There are huge restrictions about where the athletes can stay and move around and there won’t be any fans at any events. If ever there was a Games to give it a miss this would be it.

For McIlroy there is the other head wreck of flags and patriotism. McIlroy was born in Northern Ireland and is an Irish Catholic, he spent most of his childhood representing Ireland at golf. In a fascinating three-part interview with Paul Kimmage in the Irish Independent in February 2020 he explained how golf’s return to the Olympics made him feel.

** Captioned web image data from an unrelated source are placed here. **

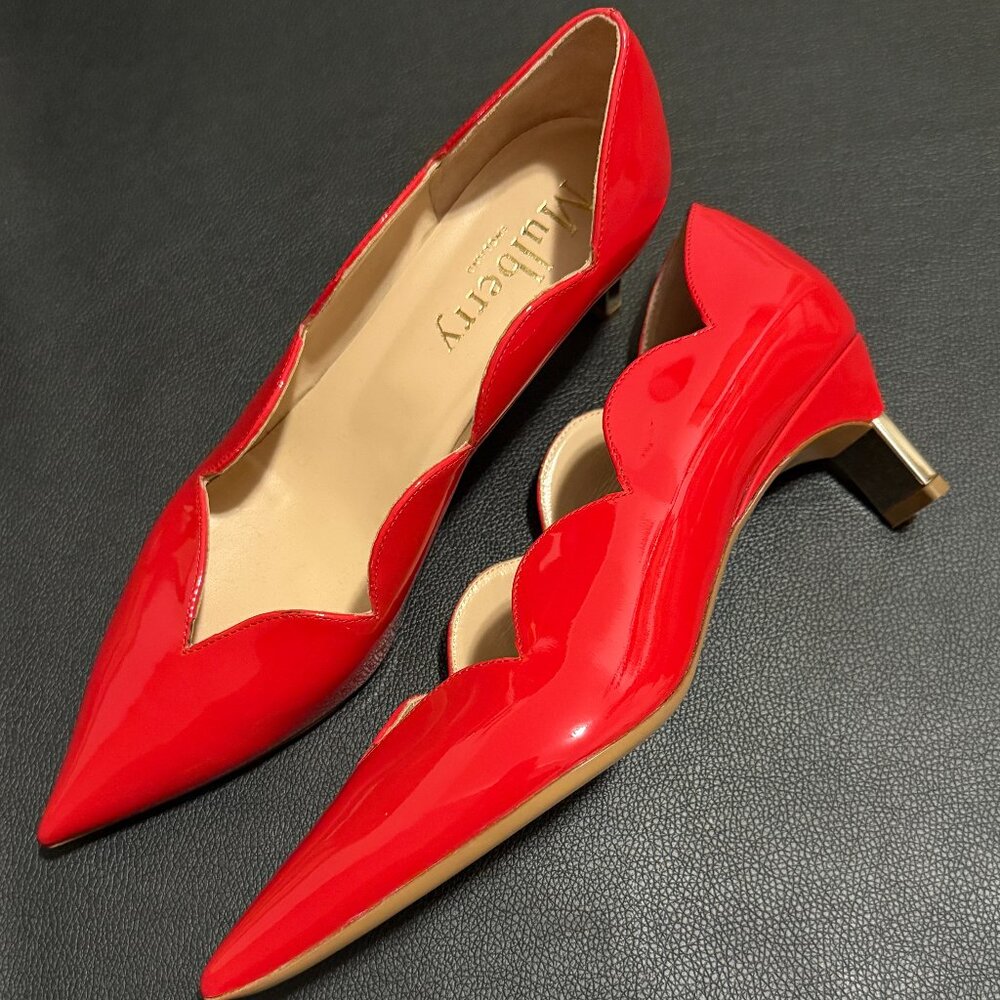 Mulberry Tomato Red Patent Leather Pumps - Italian Size 39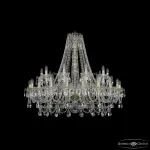 Подвесная люстра Bohemia Ivele Crystal 1411 1411/20+10/400 G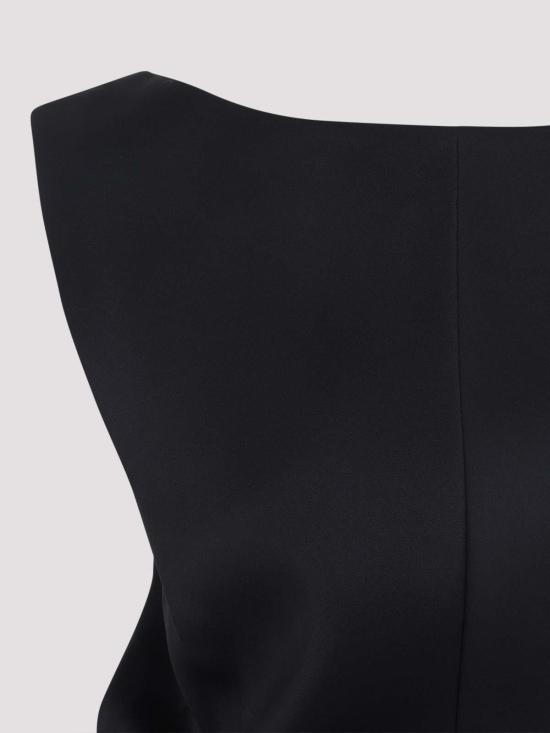 26FW 케이트 미디 스커트 55164070200 Black - KHAITE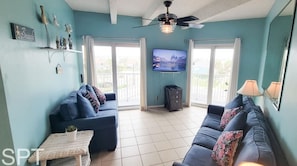 Condo, 2 Bedrooms | Living area - Aquarius 408 2 Bedroom Condo by RedAwning (South Padre Island)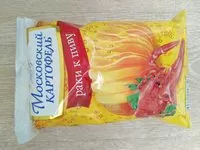 Mängden socker i Картофель хрустящий "Со вкусом раков"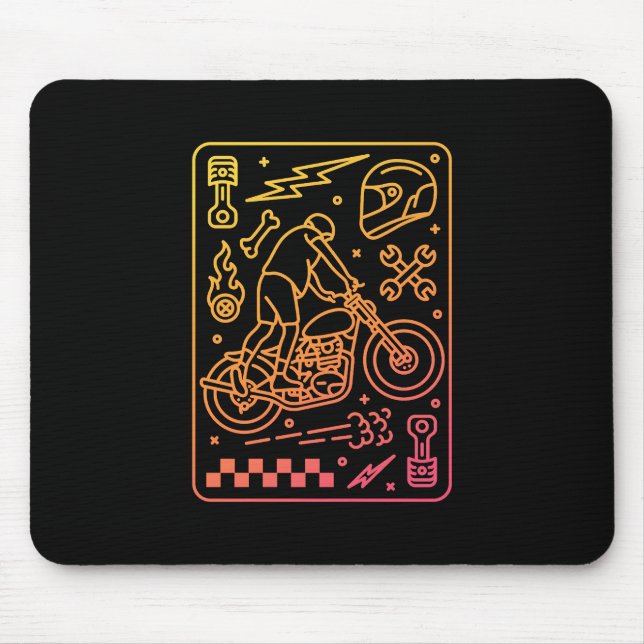 Custom Motorcycle Garage 2 Mouse Mat (Front)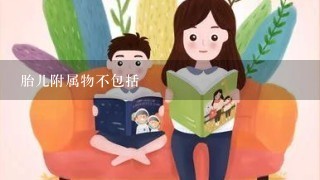 胎儿附属物不包括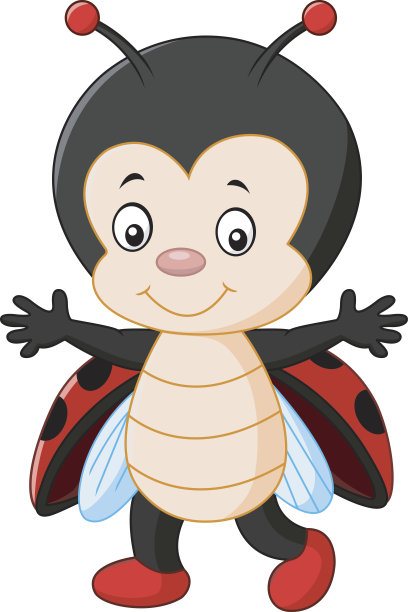卡通可爱的瓢虫图片下载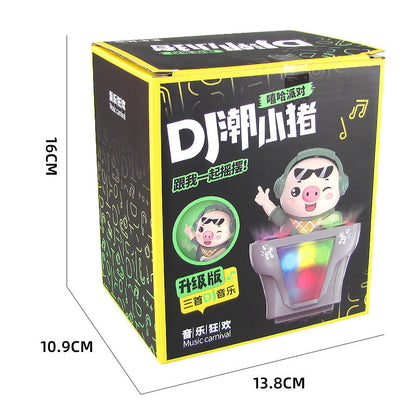 Nouveau DJ Électrique Jouant DJ Cochon Balançoire Bar Éclairage Coloré Musique Dynamique Cochon Rock Jouets pour Enfants Vente en Gros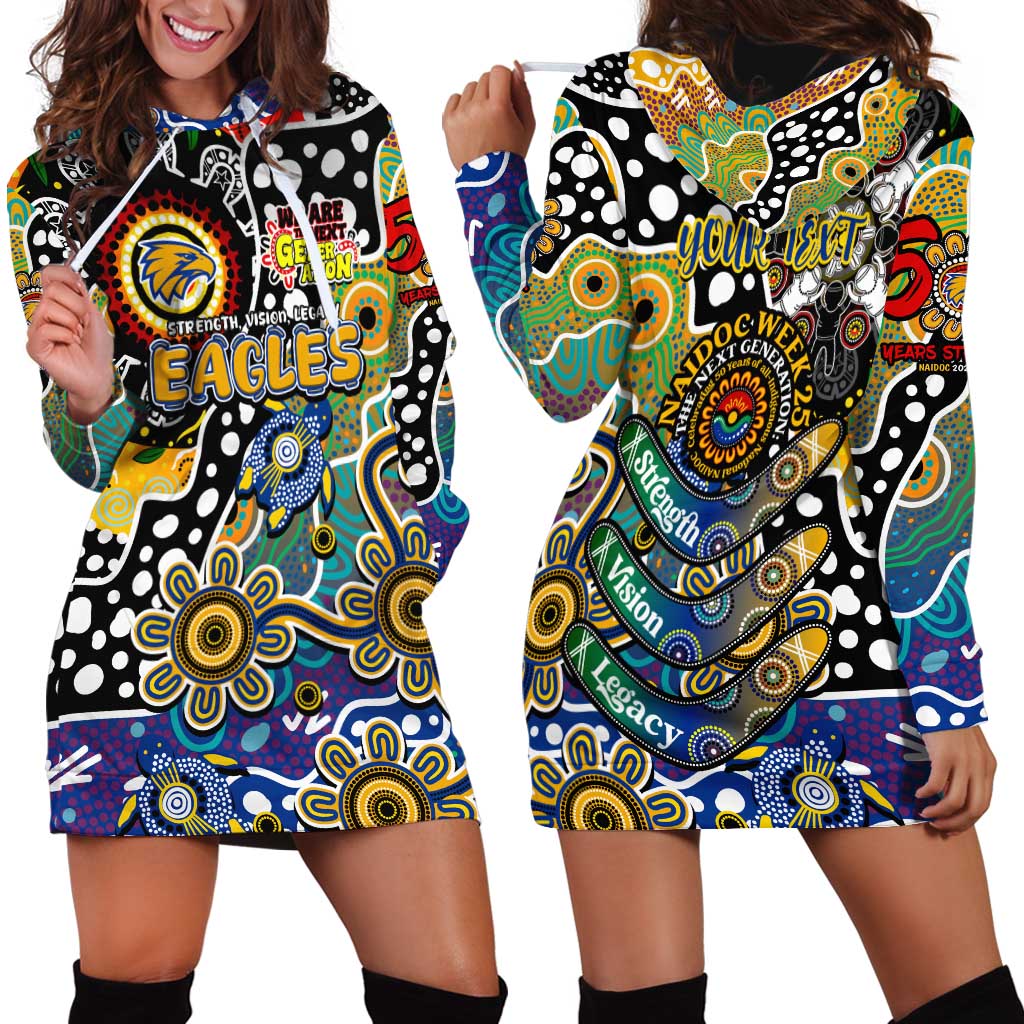 Personalised Eagles AFL Celebrating 50 Years of Naidoc Hoodie Dress NAIDOC Week 2025 Aboriginal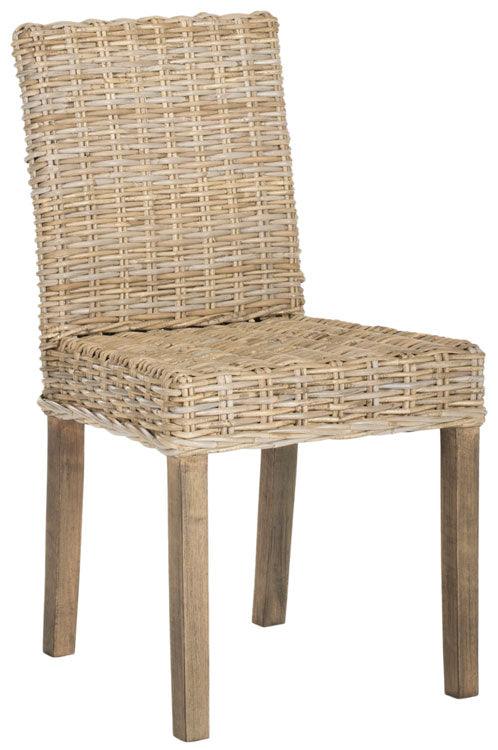 Safavieh Grove Natural Woven Rattan Side Chair (Set of 2)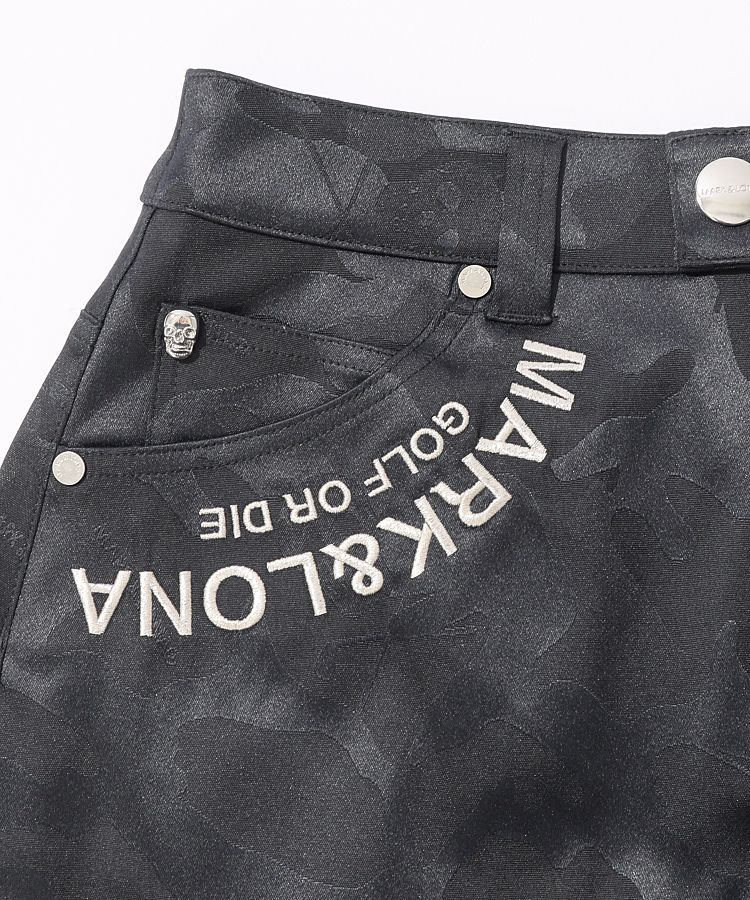 MARK&amp;LONA - マーク＆ロナ 一体型ペチパンツ◆艶スカルカモフラスカート完売商品 完売商品マーク＆ロナ 一体型ペチパンツ◇艶スカルカモフラ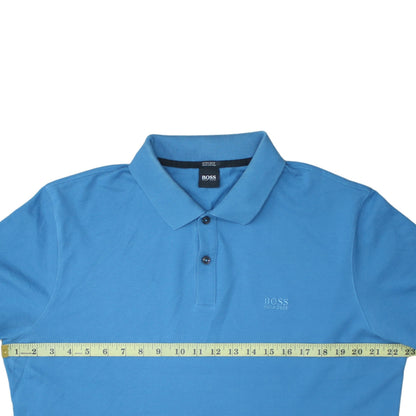 Hugo Boss Men's Blue Pima Cotton Regular Fit Polo Shirt XL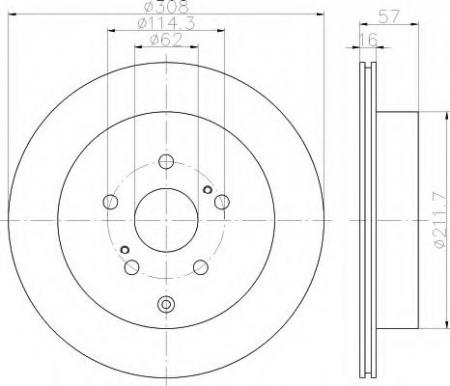 BREMSSCHEIBE 8DD355116781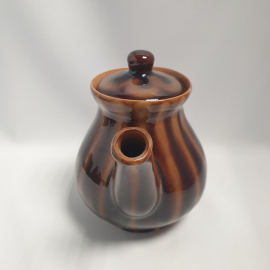 Чайник доливочный, керамика. Винтаж, СССР.. Картинка 4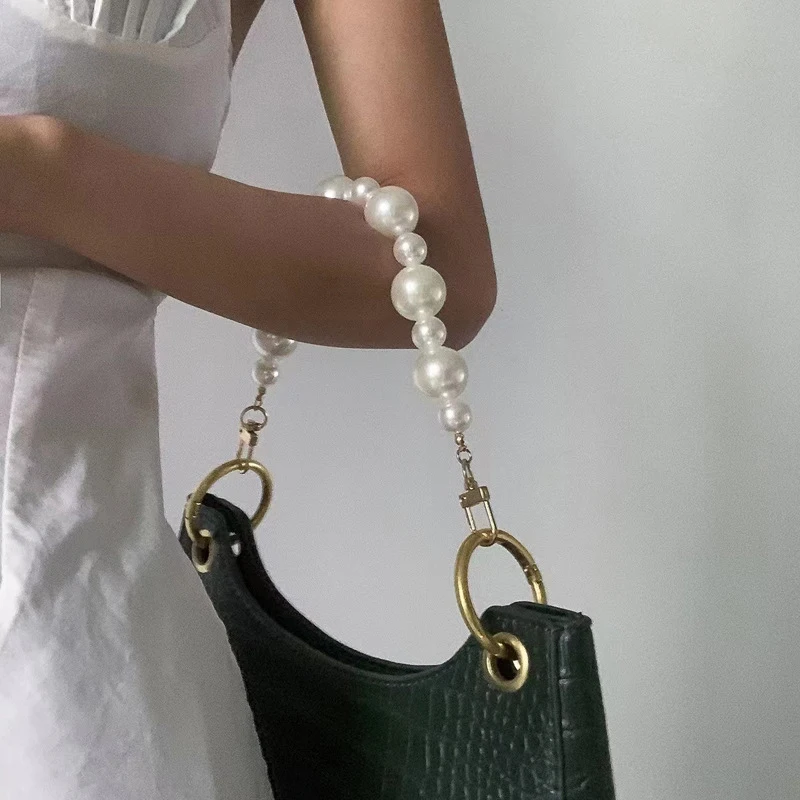 Mode Imitatie Parel Tas Decoratie Bagage Accessoires Ketting Vrouwen Handtas Schoudertas Riem Ketting Decoratieve Parel Ketting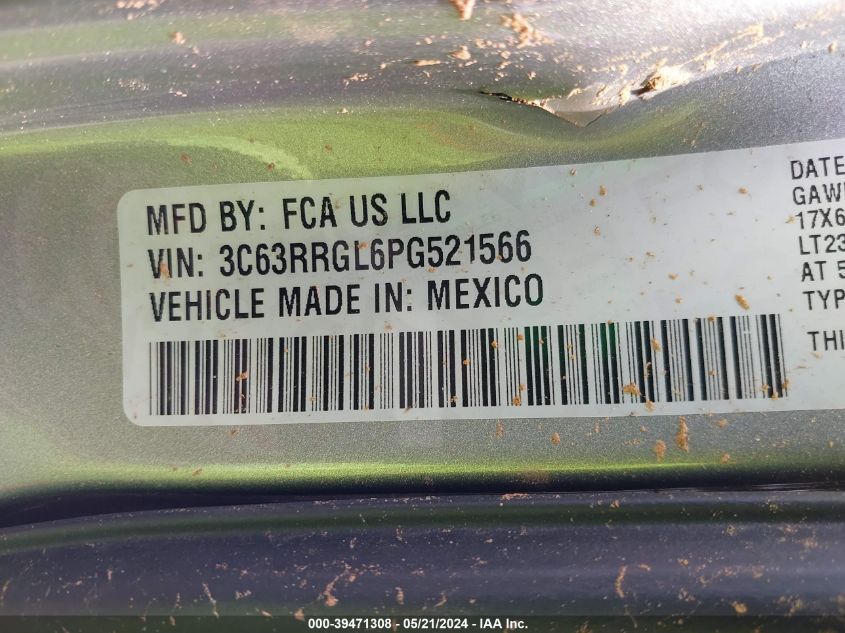 2023 Ram 3500 VIN: 3C63RRGL6PG521566 Lot: 39471308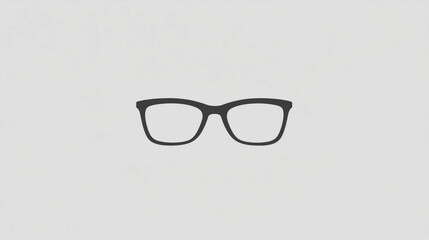 Minimalist logo design showcases unique glasses shape for modern eyewear brand appeal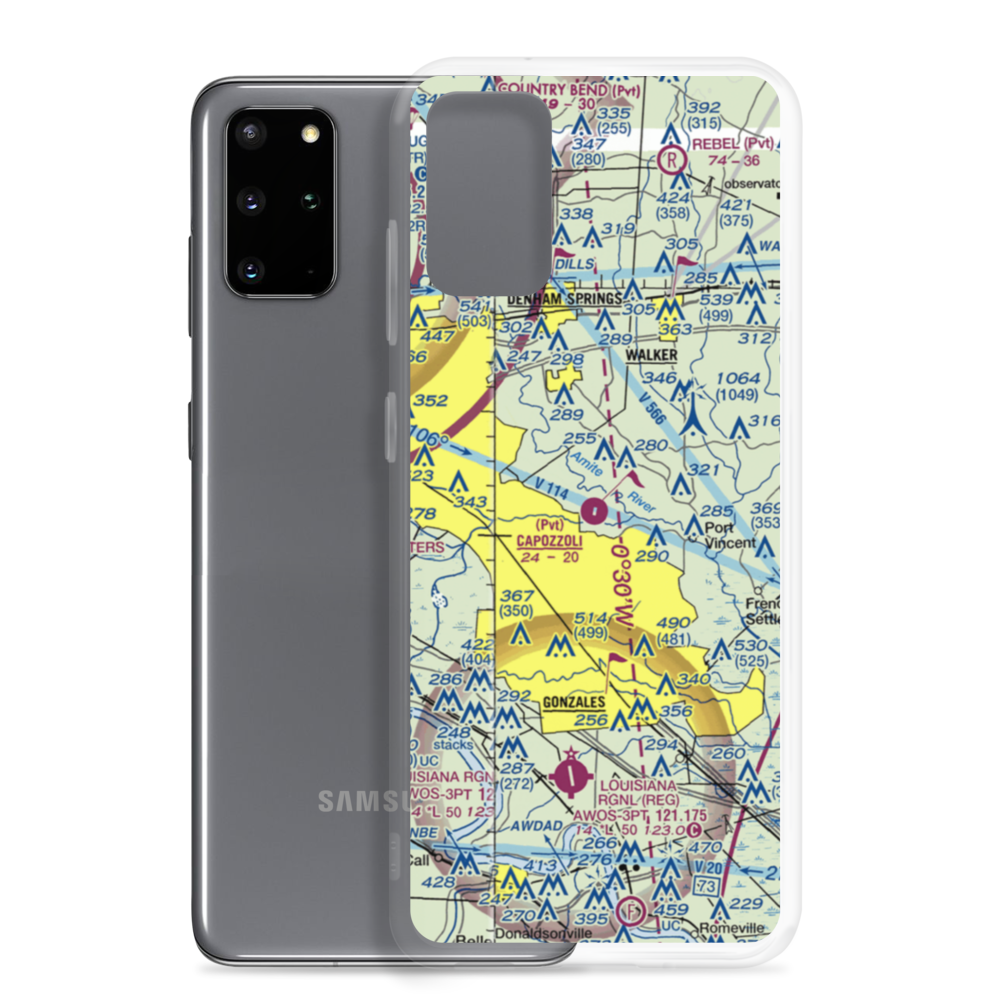 Capozzoli Airport (6LA2) VFR Sectional Samsung Case Samsung Galaxy S20 Plus model shown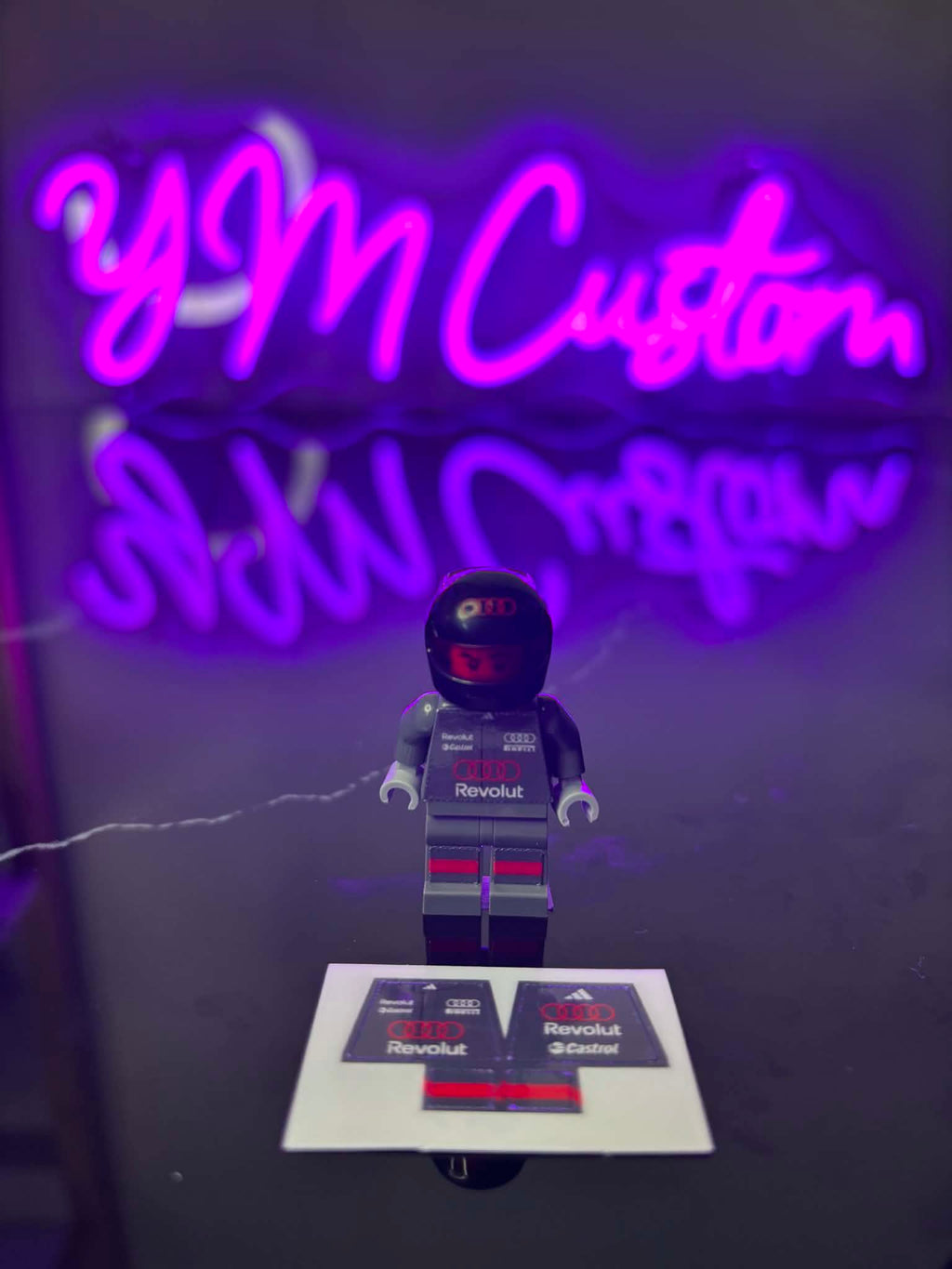 Driver character stickers for LEGO® F1® R26 - 77259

“When it was announced it put me in a position where I had to question who I am. Who am I? Where am I from? Where do my loyalties lie? Who am I going to play for? Who do I not want to piss off the most? I started to resent it. And I do. I resent the Olympic Games because of the position it put me in — that’s my feeling towards it — and whether that’s right or wrong it’s how I feel.

“It changed whenever I started to think about myself and not the opinions of others. I don’t want to go through life making decisions based on what people say, or think, because they’re going to think what they think anyway. Half are going to like you, and half aren’t going to like you, and I’m not going to allow that to inhibit me from having an experience I’ve never had before.”

He revealed that Justin Rose sent him a text after winning his gold medal and asked if he had felt that he had missed out – McIlroy replied that, whoever he had represented he would have felt uncomfortable and that he felt no connection to either flag.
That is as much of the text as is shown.